> [Exercise material]
#####

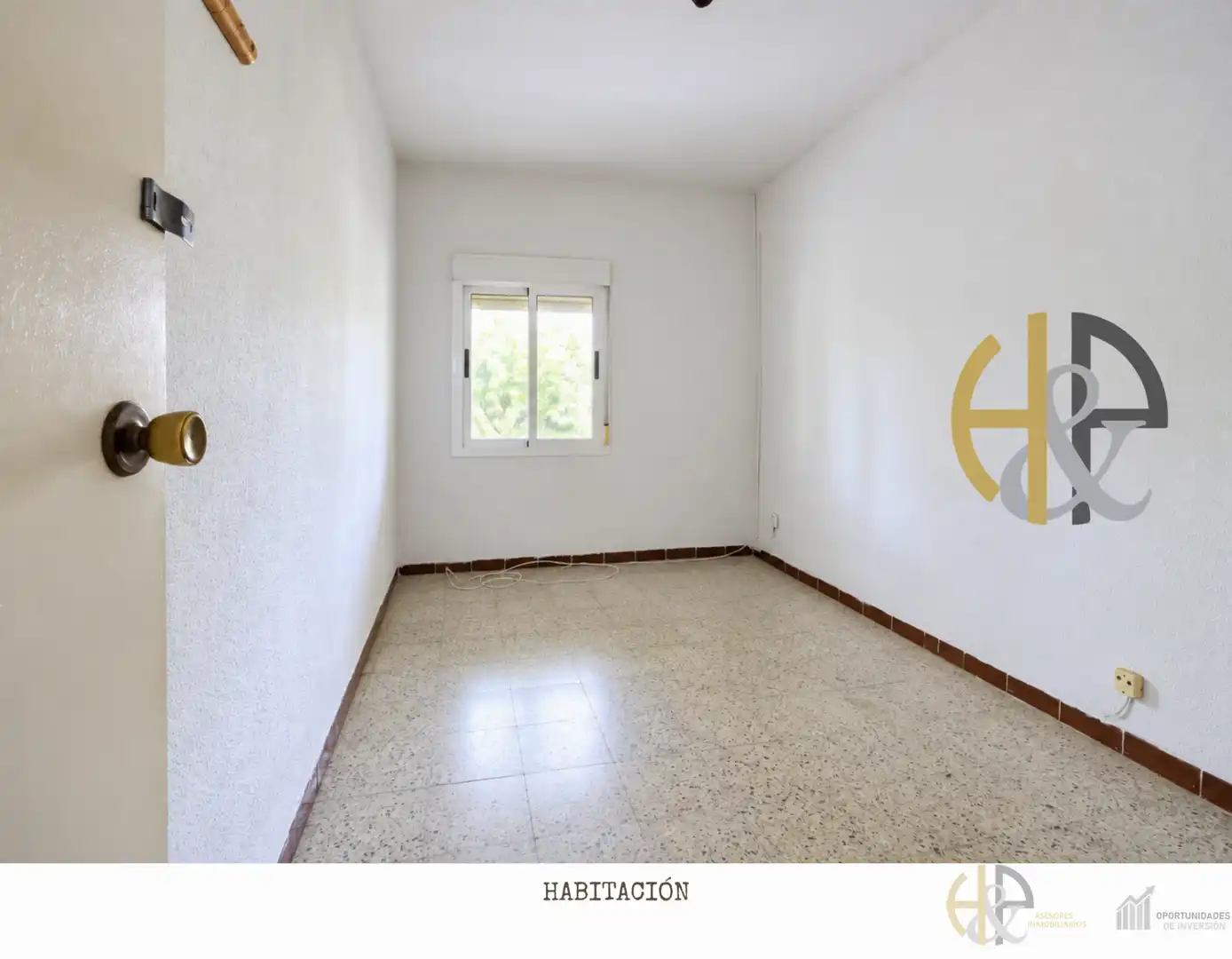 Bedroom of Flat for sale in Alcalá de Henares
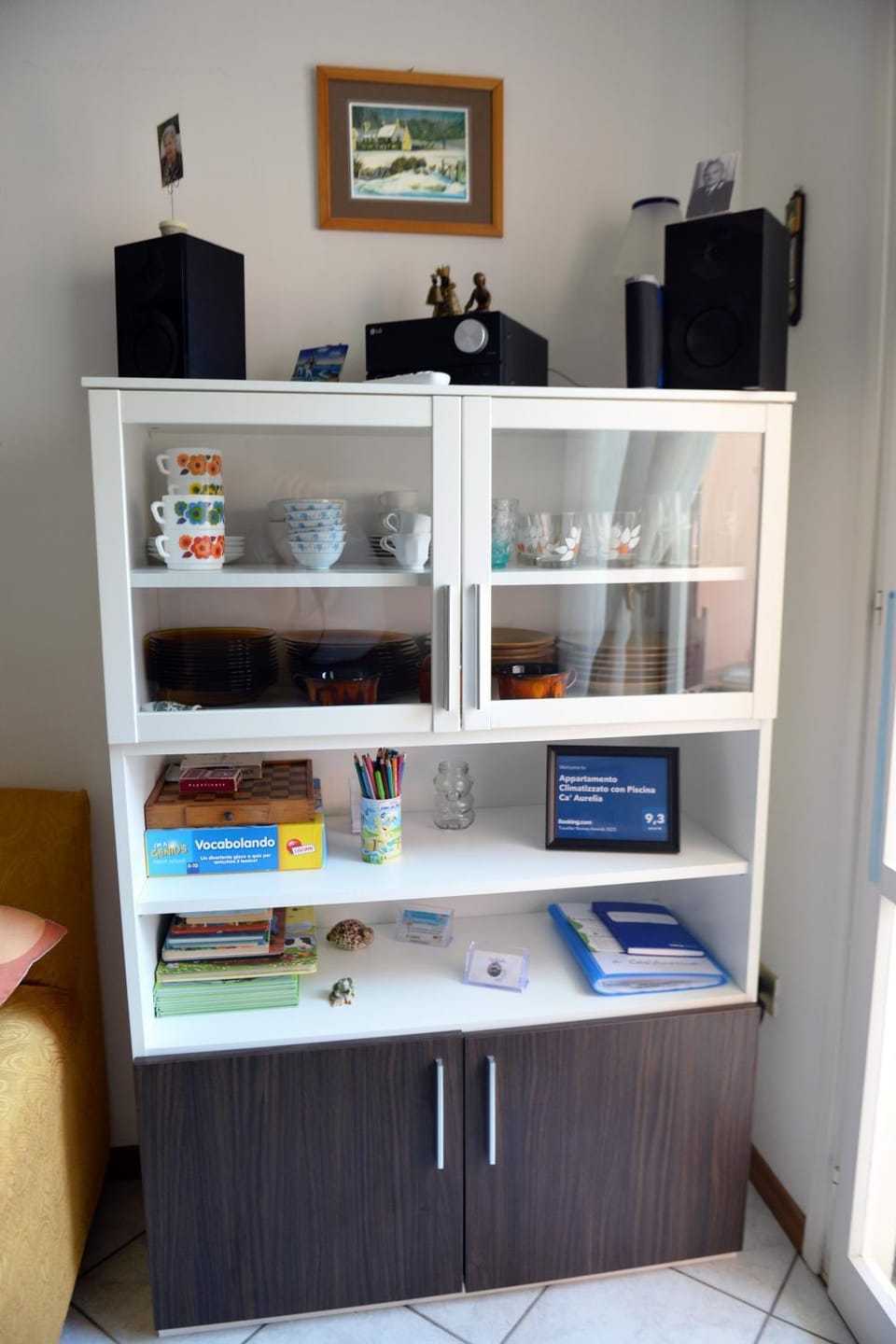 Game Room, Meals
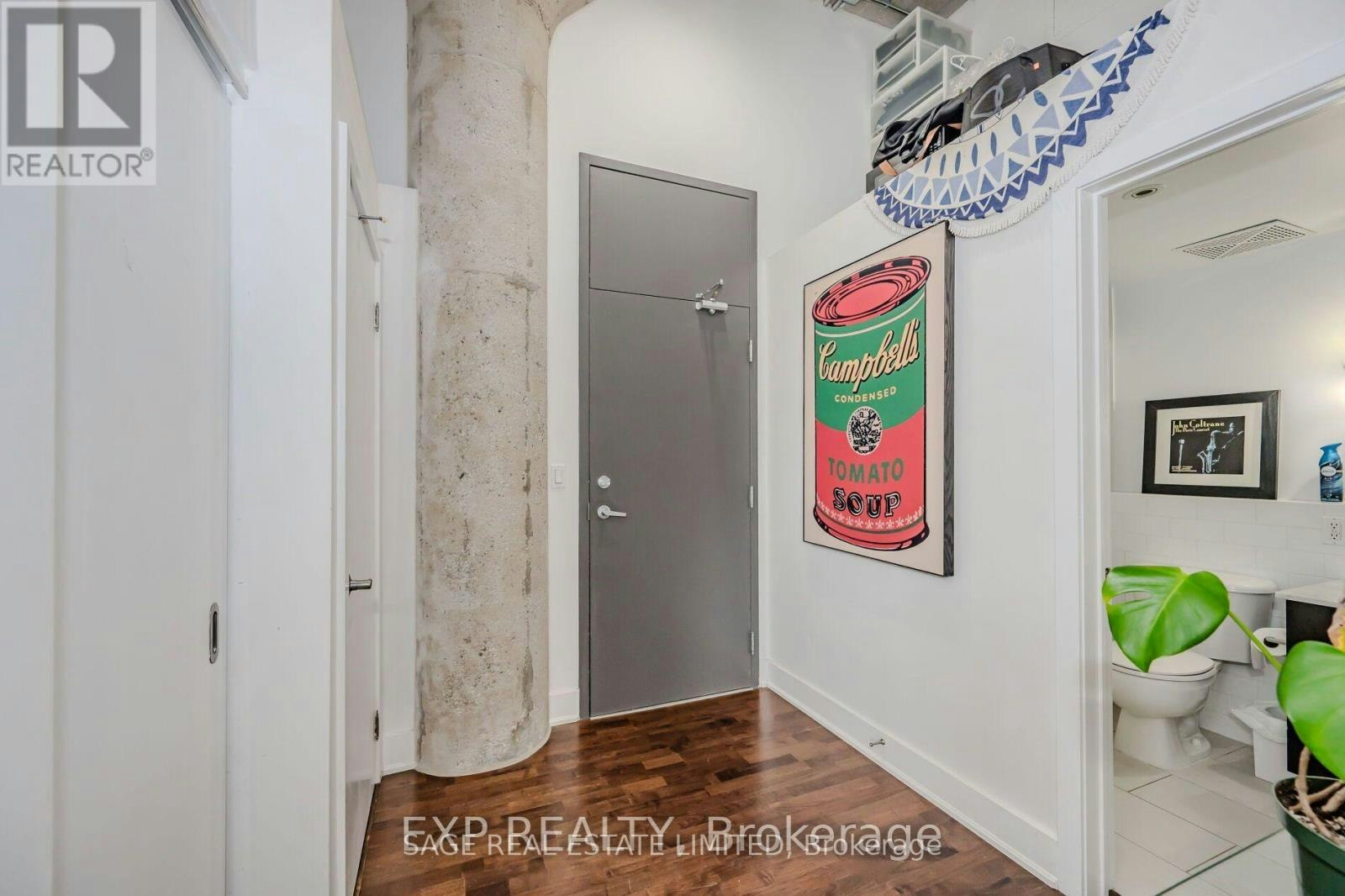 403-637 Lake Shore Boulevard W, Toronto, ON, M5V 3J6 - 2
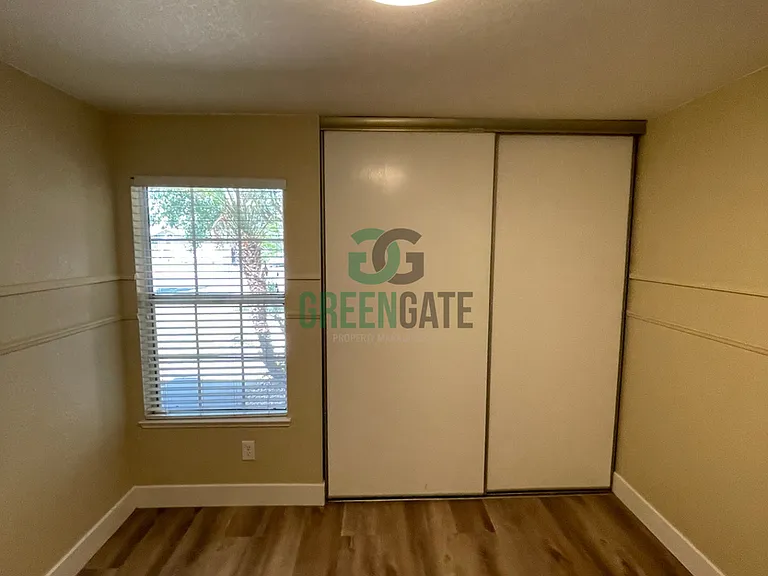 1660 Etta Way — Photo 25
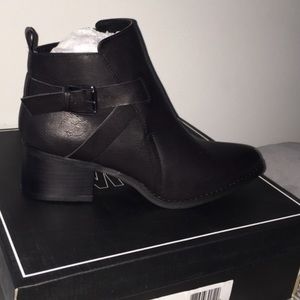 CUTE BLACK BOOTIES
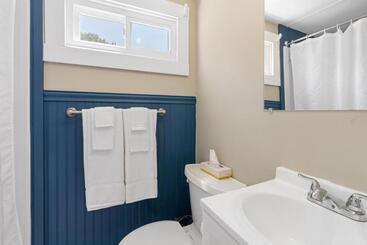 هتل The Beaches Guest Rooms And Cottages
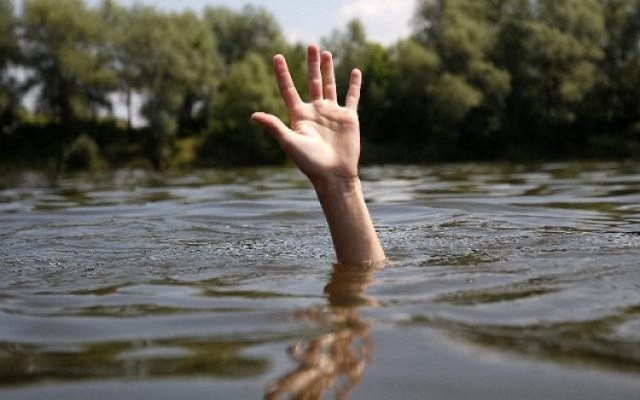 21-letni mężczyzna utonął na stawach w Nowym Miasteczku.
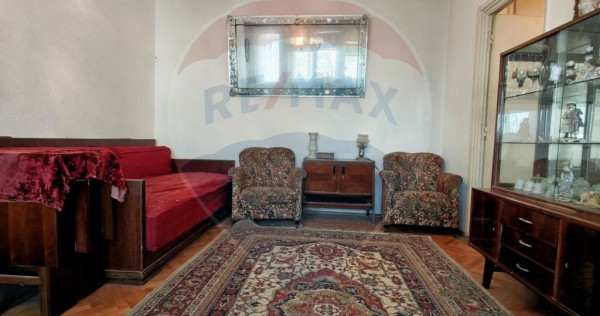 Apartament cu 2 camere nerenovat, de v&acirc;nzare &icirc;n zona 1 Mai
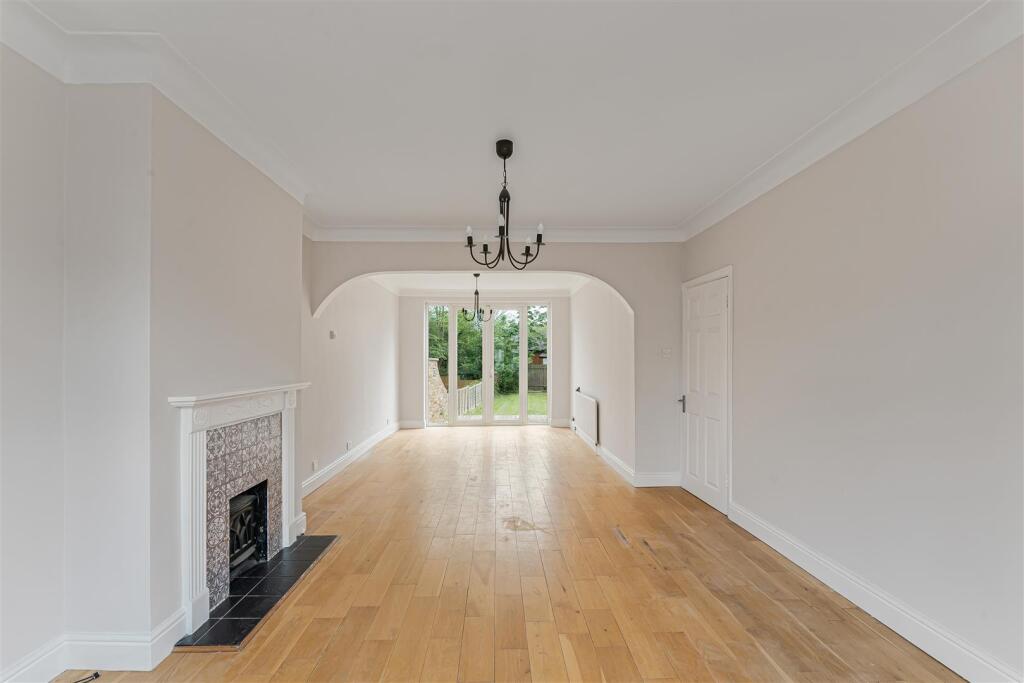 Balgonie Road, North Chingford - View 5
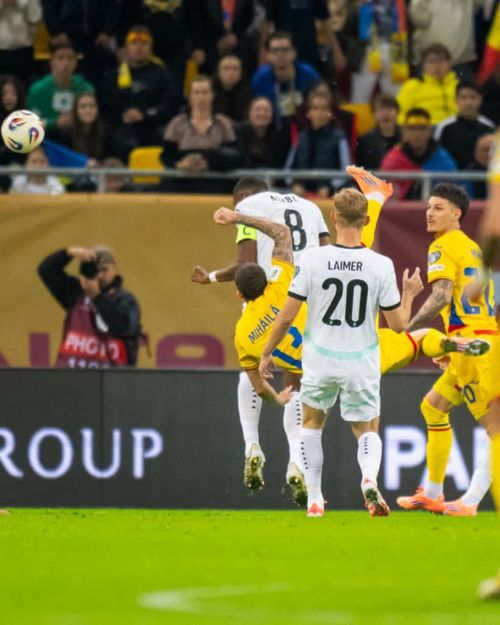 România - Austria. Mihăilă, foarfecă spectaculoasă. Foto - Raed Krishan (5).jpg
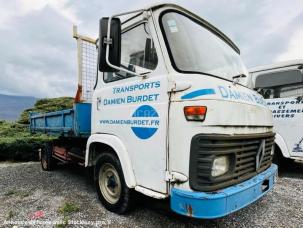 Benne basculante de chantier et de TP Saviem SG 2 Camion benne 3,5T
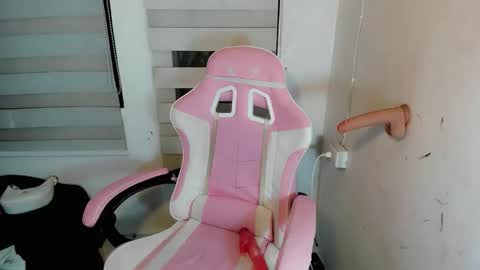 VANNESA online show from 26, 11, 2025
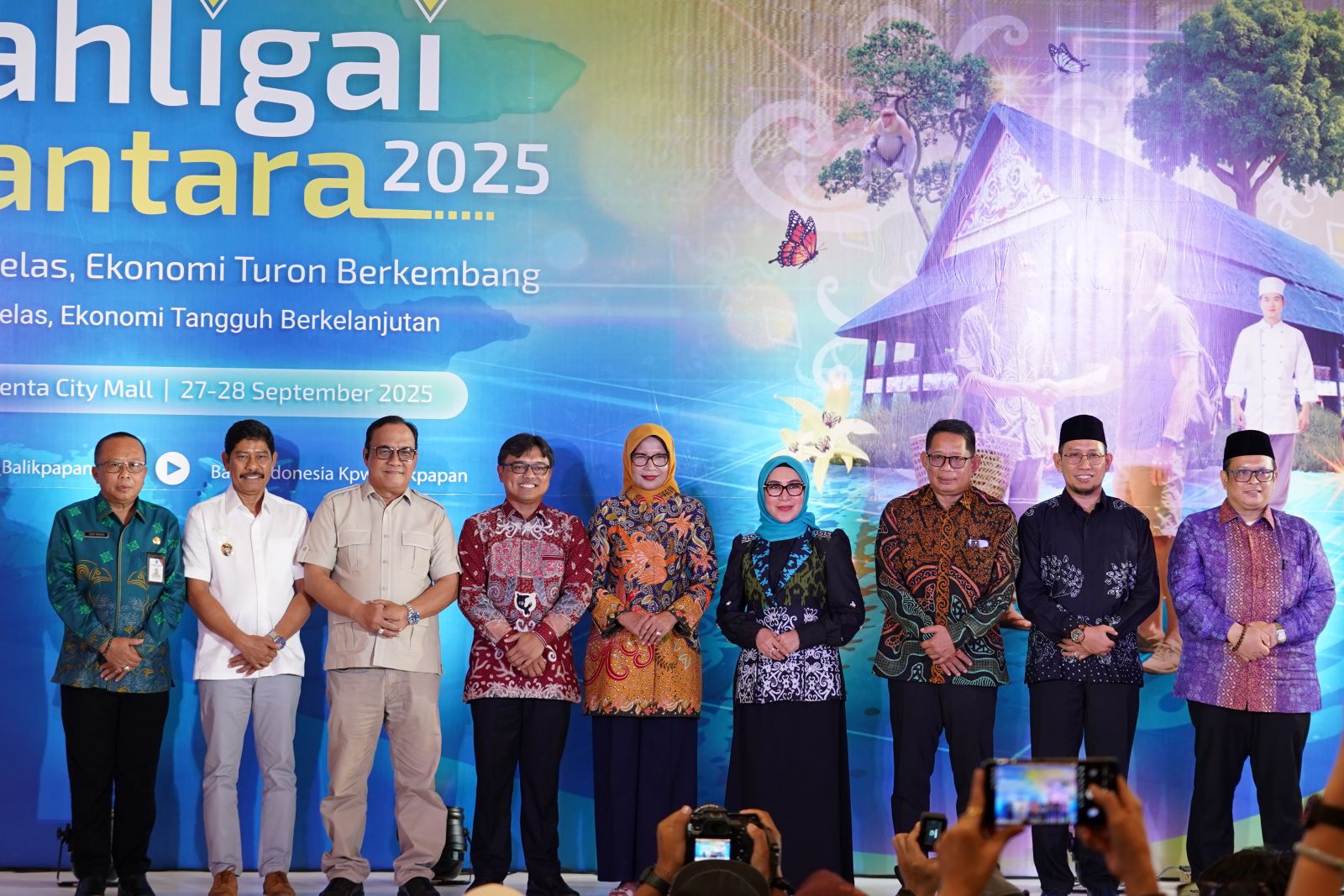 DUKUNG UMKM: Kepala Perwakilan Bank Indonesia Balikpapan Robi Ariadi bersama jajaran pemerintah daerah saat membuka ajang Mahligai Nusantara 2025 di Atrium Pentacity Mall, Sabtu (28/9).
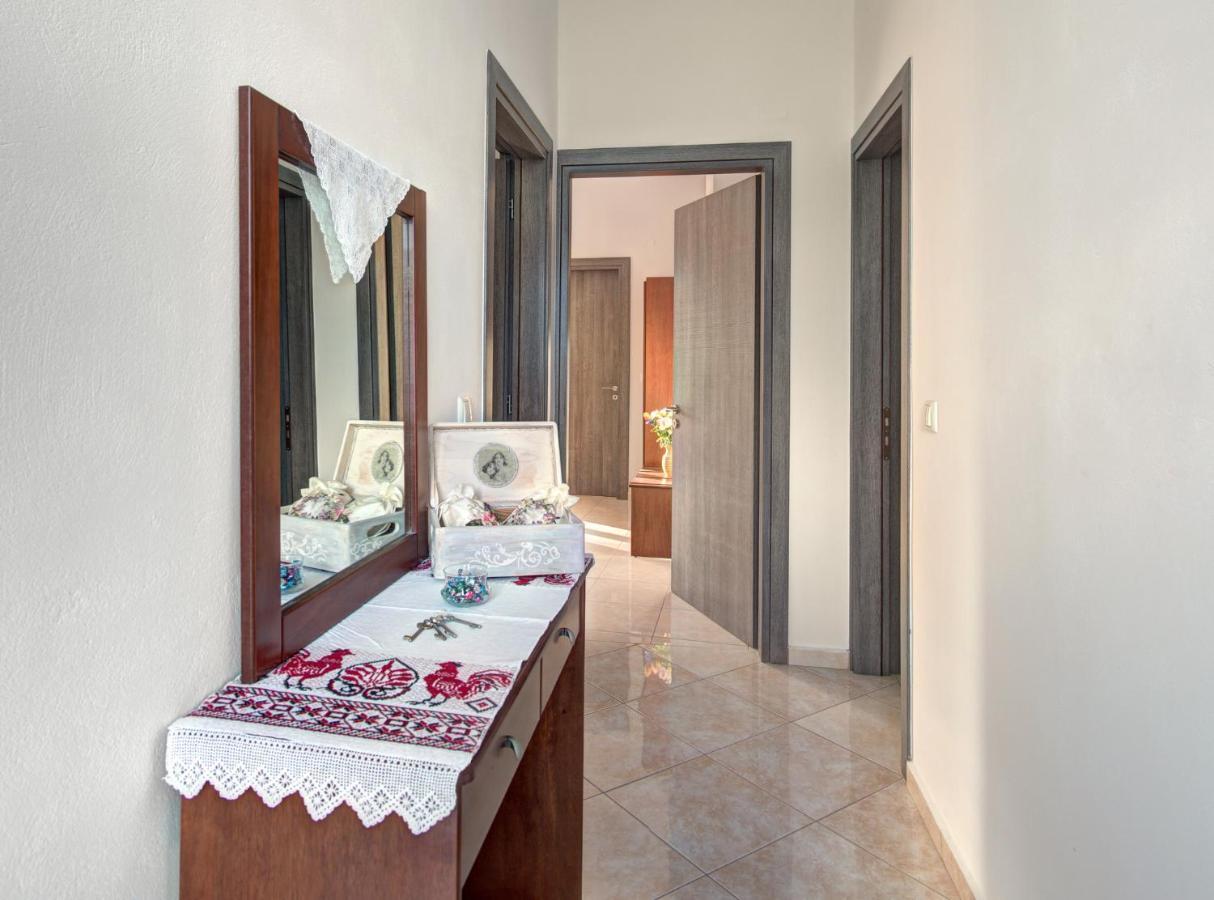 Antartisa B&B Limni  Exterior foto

#####

> [Work item] Word for word, write out each of the records, but not the pictures.

> [Response to the exercise]
 Bedroom of Flat for sale in Alcalá de Henares
 Game Room, Meals
 403-637 Lake Shore Boulevard W, Toronto, ON, M5V 3J6 - 2
 1660 Etta Way — Photo 25
 CUTE BLACK BOOTIES
 هتل The Beaches Guest Rooms And Cottages
 21-letni mężczyzna utonął na stawach w Nowym Miasteczku.
 Apartament cu 2 camere nerenovat, de v&acirc;nzare &icirc;n zona 1 Mai
 Balgonie Road, North Chingford - View 5
 România - Austria. Mihăilă, foarfecă spectaculoasă. Foto - Raed Krishan (5).jpg
 Benne basculante de chantier et de TP Saviem SG 2 Camion benne 3,5T
 VANNESA online show from 26, 11, 2025
 DUKUNG UMKM: Kepala Perwakilan Bank Indonesia Balikpapan Robi Ariadi bersama jajaran pemerintah daerah saat membuka ajang Mahligai Nusantara 2025 di Atrium Pentacity Mall, Sabtu (28/9).
 Antartisa B&B Limni  Exterior foto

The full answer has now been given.